WORK TO BE COMPLETED: The entries contain pictures, which should not appear in the copy; everything else must be reproduced exactly.

DATA RECORDS:
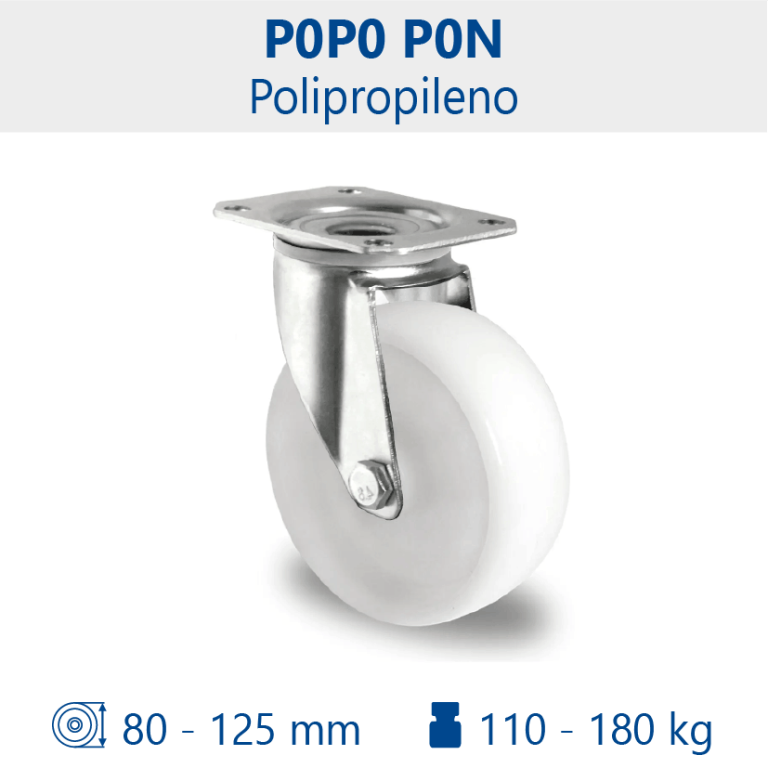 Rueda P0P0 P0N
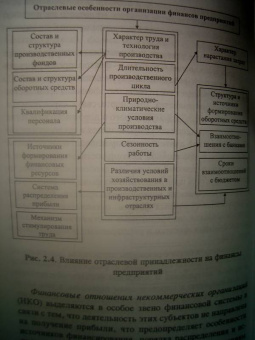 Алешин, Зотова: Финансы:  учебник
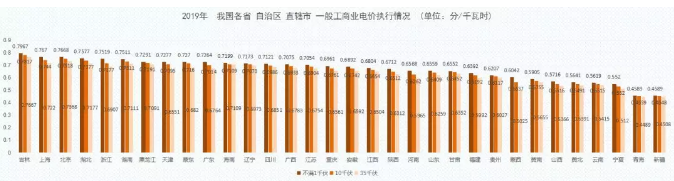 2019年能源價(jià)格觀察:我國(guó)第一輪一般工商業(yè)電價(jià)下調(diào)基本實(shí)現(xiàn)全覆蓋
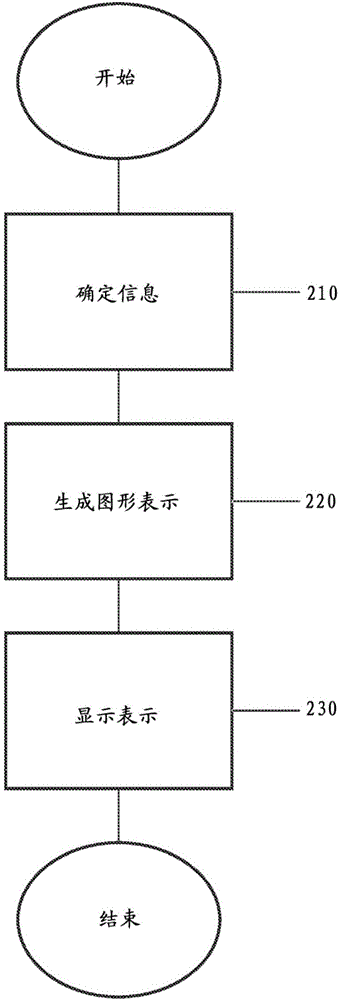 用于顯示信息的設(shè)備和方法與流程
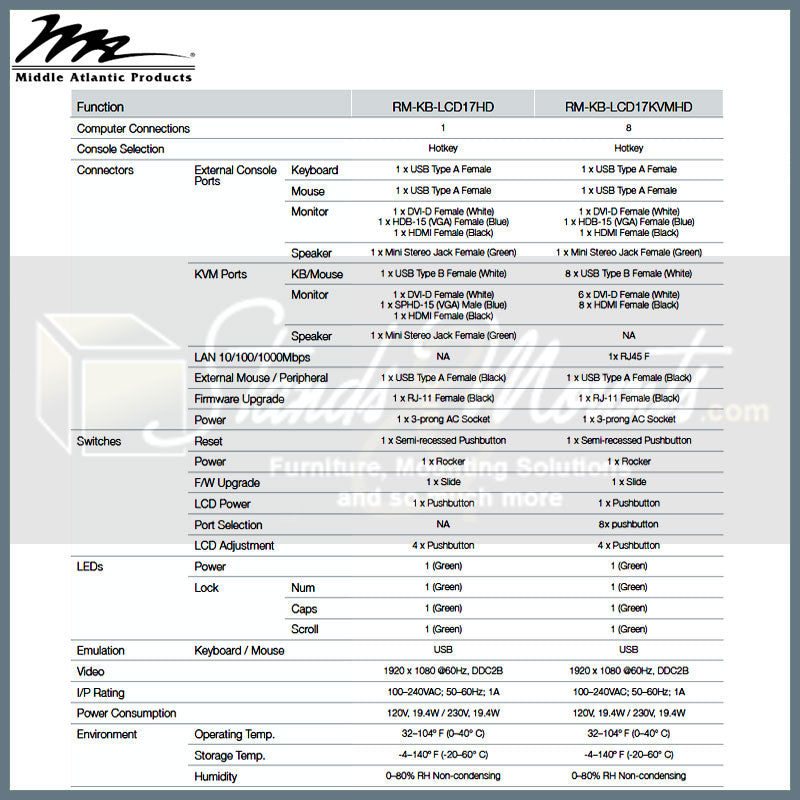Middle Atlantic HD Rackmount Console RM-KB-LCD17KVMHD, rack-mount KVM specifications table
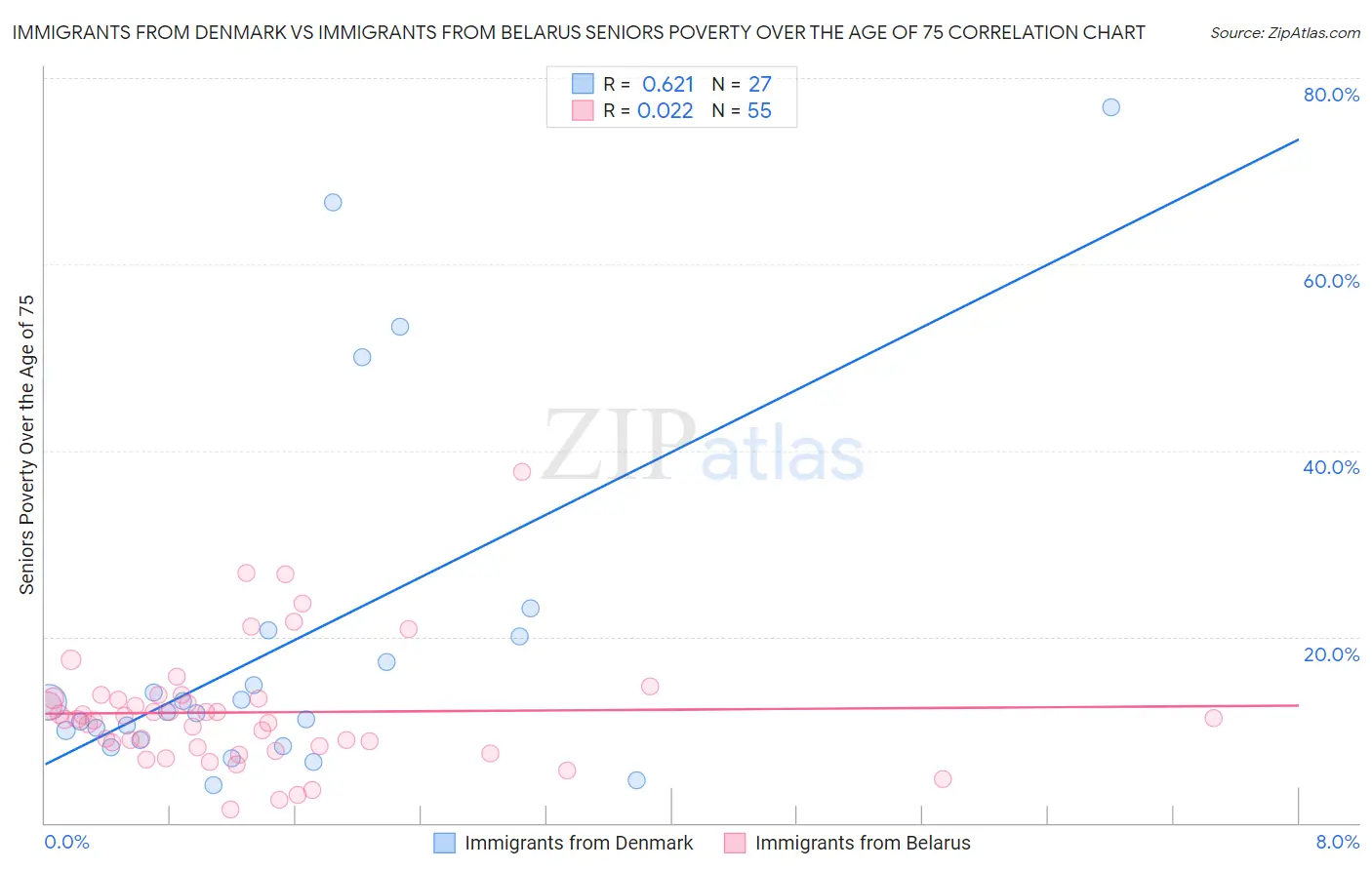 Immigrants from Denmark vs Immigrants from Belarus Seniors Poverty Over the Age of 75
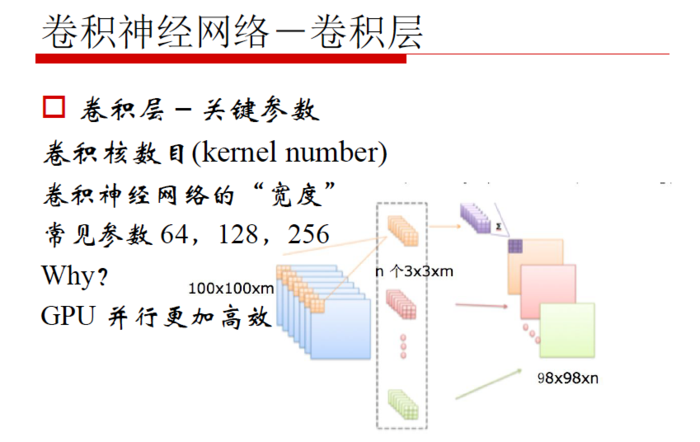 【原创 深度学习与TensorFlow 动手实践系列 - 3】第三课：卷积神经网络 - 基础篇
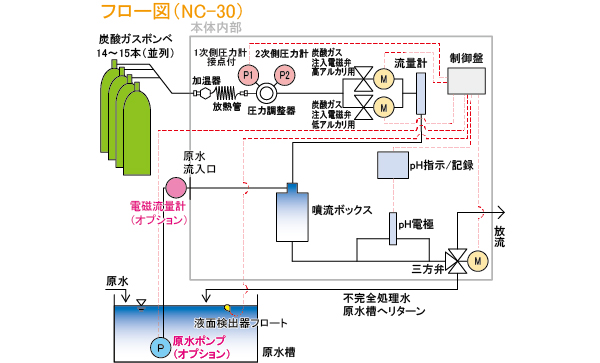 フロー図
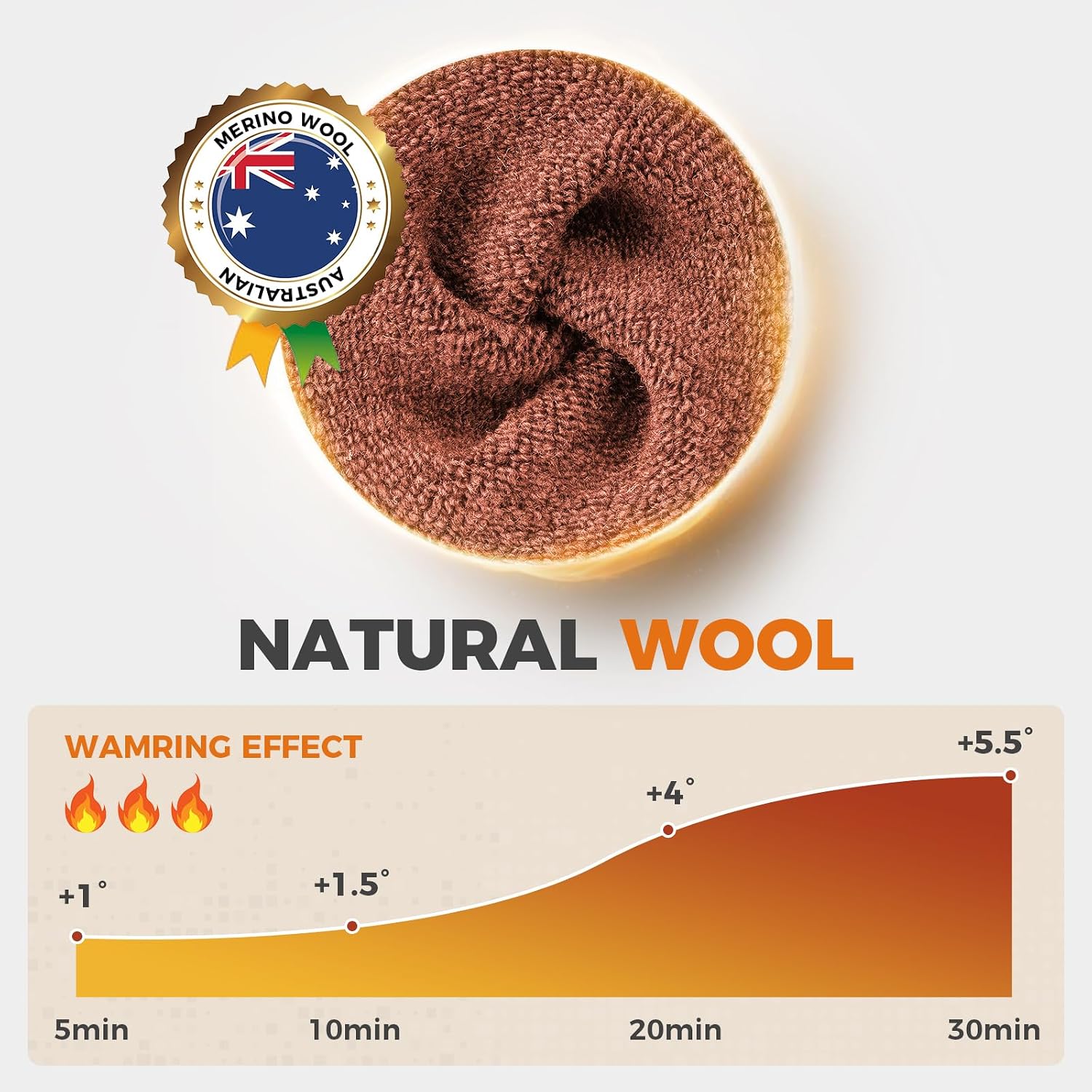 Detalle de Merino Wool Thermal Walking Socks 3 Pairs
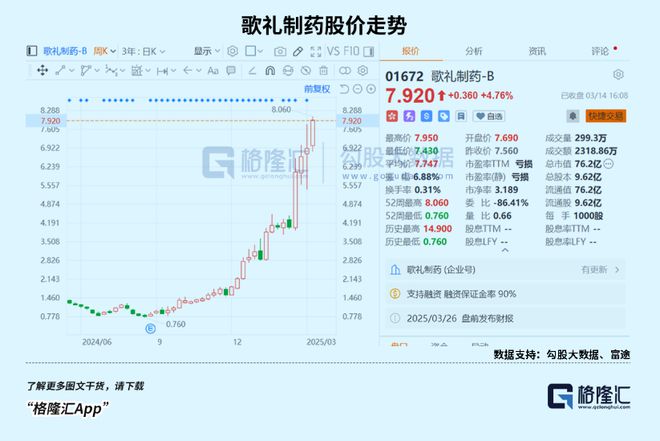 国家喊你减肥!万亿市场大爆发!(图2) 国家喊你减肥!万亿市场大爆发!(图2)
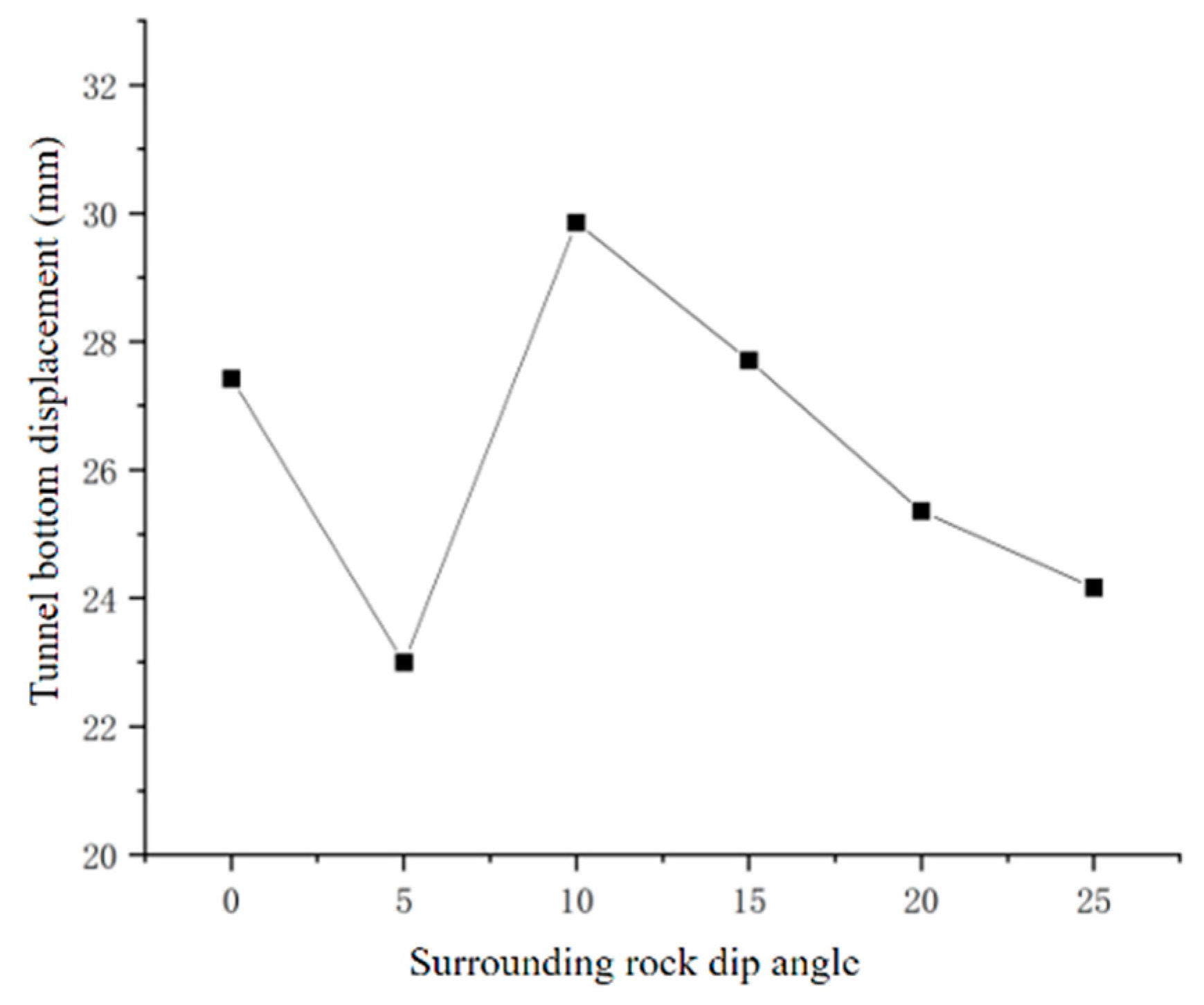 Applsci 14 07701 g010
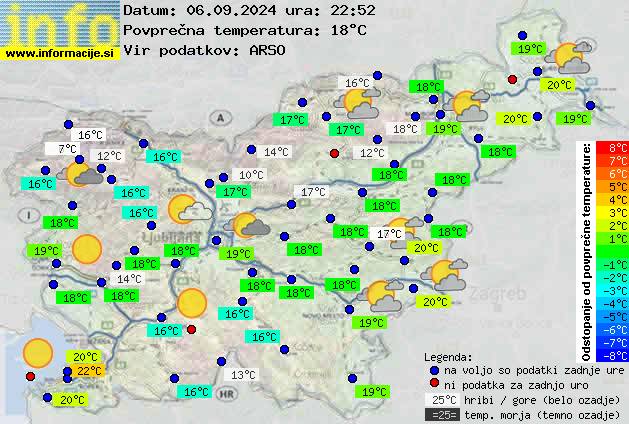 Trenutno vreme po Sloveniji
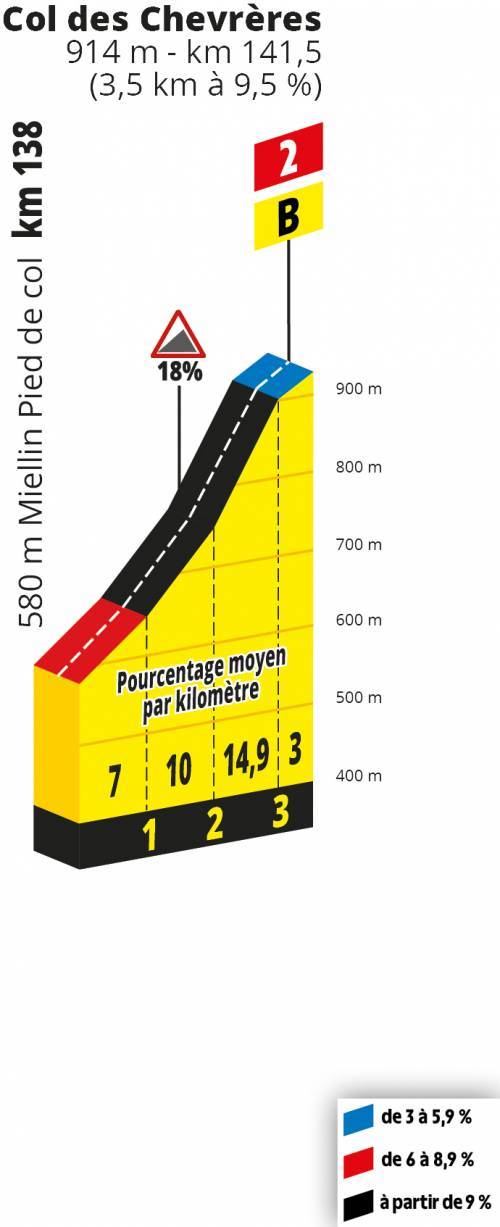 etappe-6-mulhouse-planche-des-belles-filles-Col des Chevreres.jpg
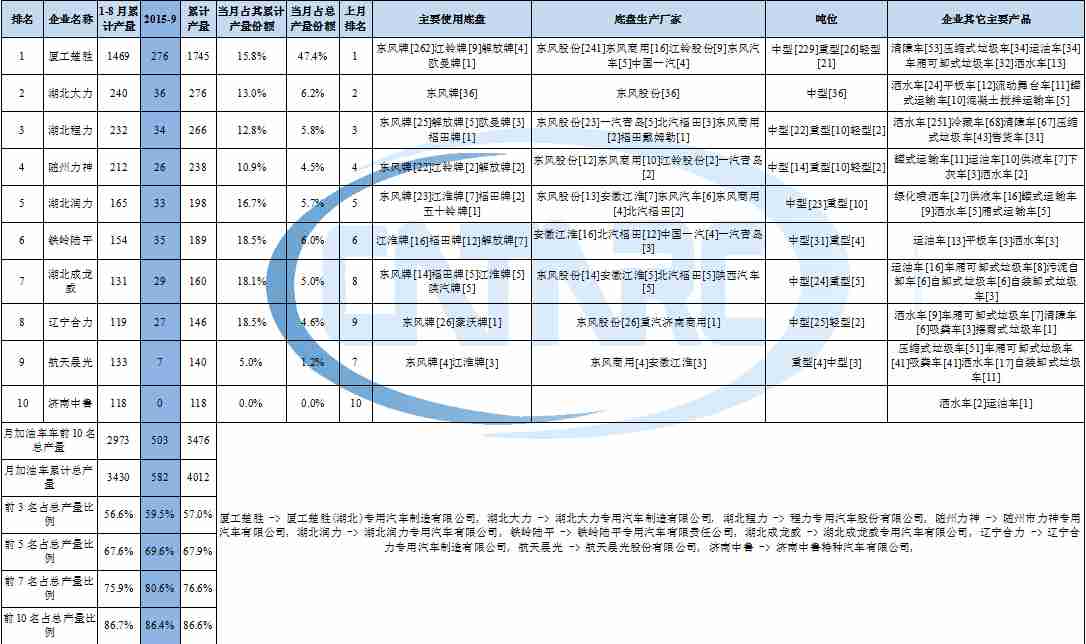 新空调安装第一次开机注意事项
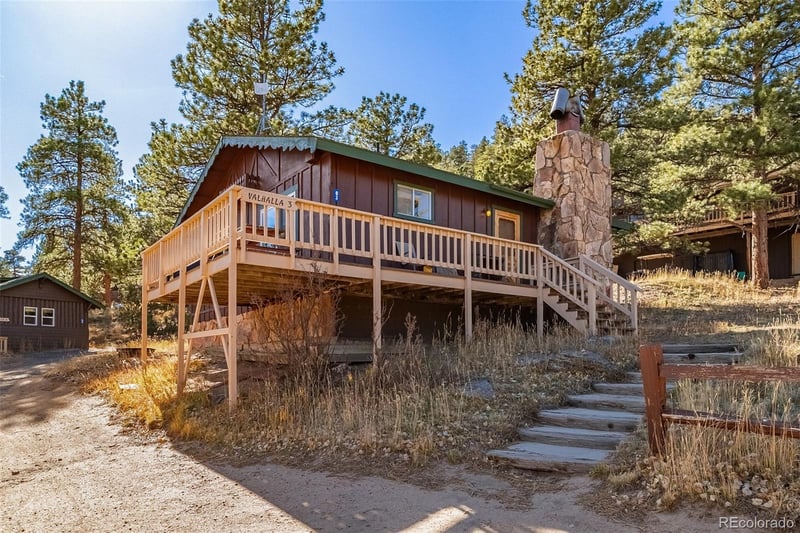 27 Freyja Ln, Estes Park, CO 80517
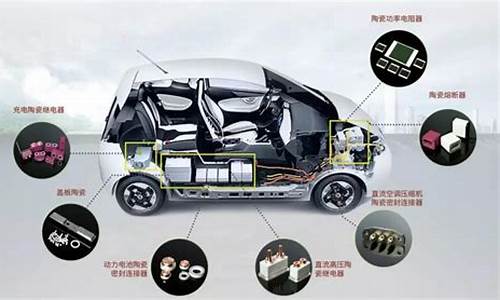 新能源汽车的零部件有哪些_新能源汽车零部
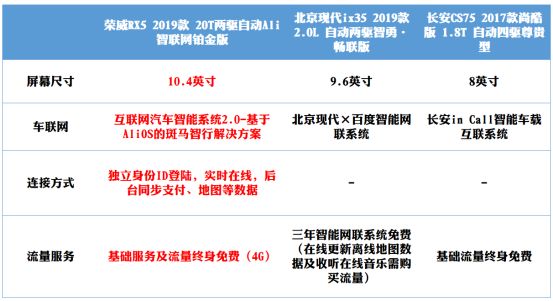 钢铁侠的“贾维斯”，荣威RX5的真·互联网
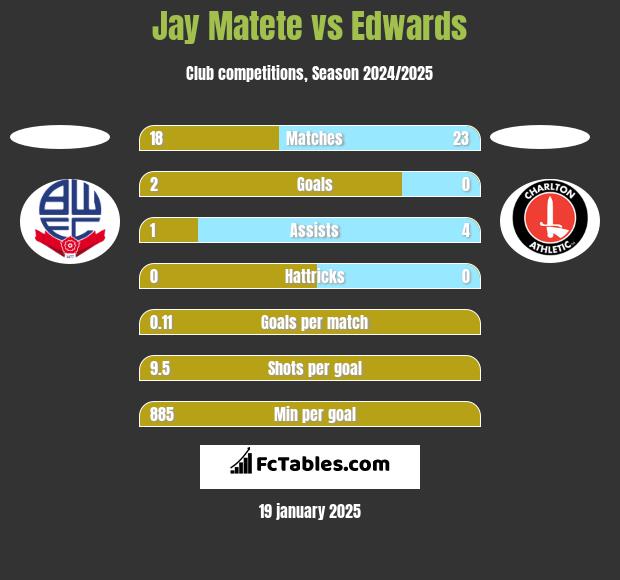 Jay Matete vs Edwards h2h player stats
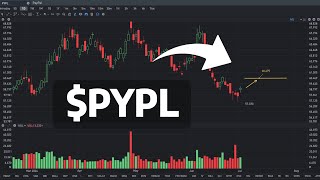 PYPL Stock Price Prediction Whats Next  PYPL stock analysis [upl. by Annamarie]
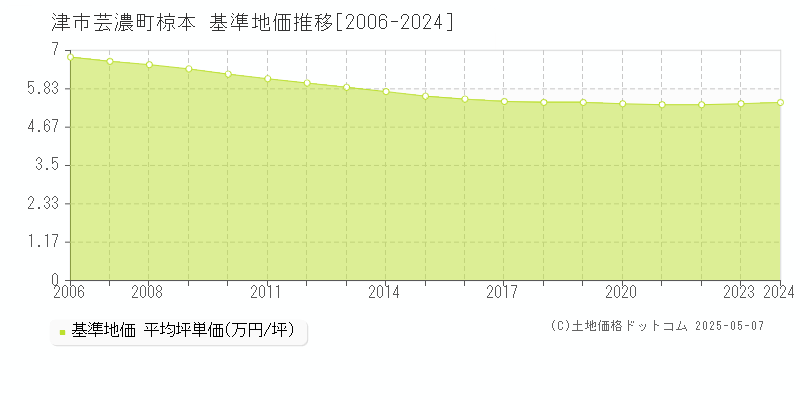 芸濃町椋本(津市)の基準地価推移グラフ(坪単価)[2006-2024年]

SOLUTION TO THIS EXERCISE:
 Rueda P0P0 P0N
 Алешин, Зотова: Финансы:  учебник
 2019年能源價(jià)格觀察:我國(guó)第一輪一般工商業(yè)電價(jià)下調(diào)基本實(shí)現(xiàn)全覆蓋
 用于顯示信息的設(shè)備和方法與流程
Middle Atlantic HD Rackmount Console RM-KB-LCD17KVMHD, rack-mount KVM specifications table
 Immigrants from Denmark vs Immigrants from Belarus Seniors Poverty Over the Age of 75
 【原创 深度学习与TensorFlow 动手实践系列 - 3】第三课：卷积神经网络 - 基础篇
 フロー図
 Detalle de Merino Wool Thermal Walking Socks 3 Pairs
 国家喊你减肥!万亿市场大爆发!(图2) 国家喊你减肥!万亿市场大爆发!(图2)
 Applsci 14 07701 g010
 Trenutno vreme po Sloveniji
 etappe-6-mulhouse-planche-des-belles-filles-Col des Chevreres.jpg
 新空调安装第一次开机注意事项
 27 Freyja Ln, Estes Park, CO 80517
 新能源汽车的零部件有哪些_新能源汽车零部
 钢铁侠的“贾维斯”，荣威RX5的真·互联网
 Jay Matete vs Edwards h2h player stats
 PYPL Stock Price Prediction Whats Next  PYPL stock analysis [upl. by Annamarie]
 芸濃町椋本(津市)の基準地価推移グラフ(坪単価)[2006-2024年]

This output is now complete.